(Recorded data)
^^^^^^^^
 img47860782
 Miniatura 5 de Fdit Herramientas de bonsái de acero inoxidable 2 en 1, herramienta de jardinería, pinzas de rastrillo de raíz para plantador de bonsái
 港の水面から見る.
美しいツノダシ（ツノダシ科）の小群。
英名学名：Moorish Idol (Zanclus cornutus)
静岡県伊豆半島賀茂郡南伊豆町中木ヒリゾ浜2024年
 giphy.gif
^^^^^^^^
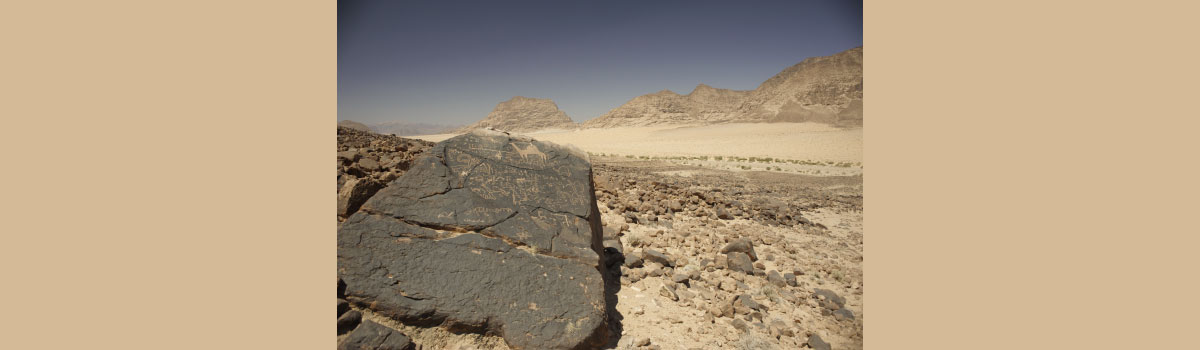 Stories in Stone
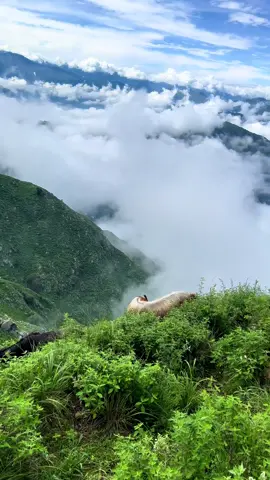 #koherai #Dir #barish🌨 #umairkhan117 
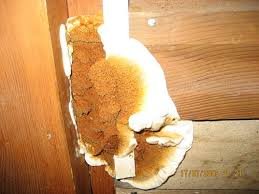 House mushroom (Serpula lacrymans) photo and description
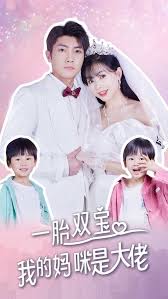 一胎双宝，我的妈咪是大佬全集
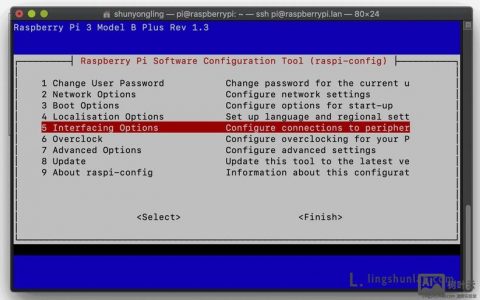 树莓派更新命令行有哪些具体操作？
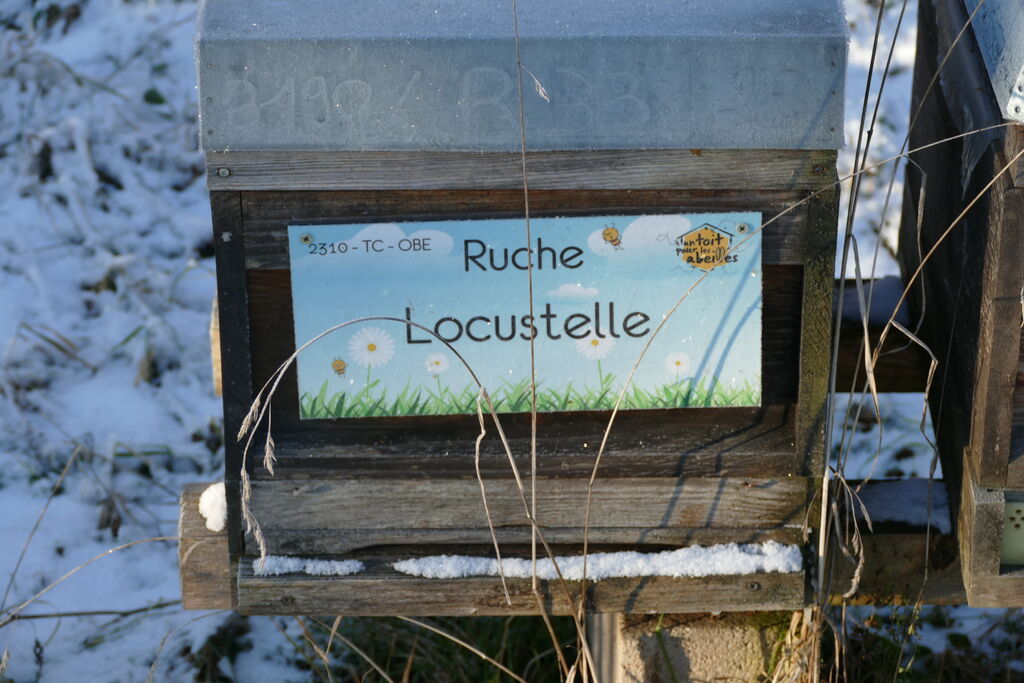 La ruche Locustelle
^^^^^^^^
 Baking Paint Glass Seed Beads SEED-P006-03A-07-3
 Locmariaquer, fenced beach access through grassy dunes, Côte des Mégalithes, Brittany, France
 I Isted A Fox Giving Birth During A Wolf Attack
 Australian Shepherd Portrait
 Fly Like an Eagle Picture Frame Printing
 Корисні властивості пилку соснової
^^^^^^^^
● **Problem description**: Set down only the lines above that fall between the line holding "Locmariaquer, fenced beach" and the line holding "Корисні властивості пилку соснової", inclusive, keeping each exact.

● **Worked solution**:
 Locmariaquer, fenced beach access through grassy dunes, Côte des Mégalithes, Brittany, France
 I Isted A Fox Giving Birth During A Wolf Attack
 Australian Shepherd Portrait
 Fly Like an Eagle Picture Frame Printing
 Корисні властивості пилку соснової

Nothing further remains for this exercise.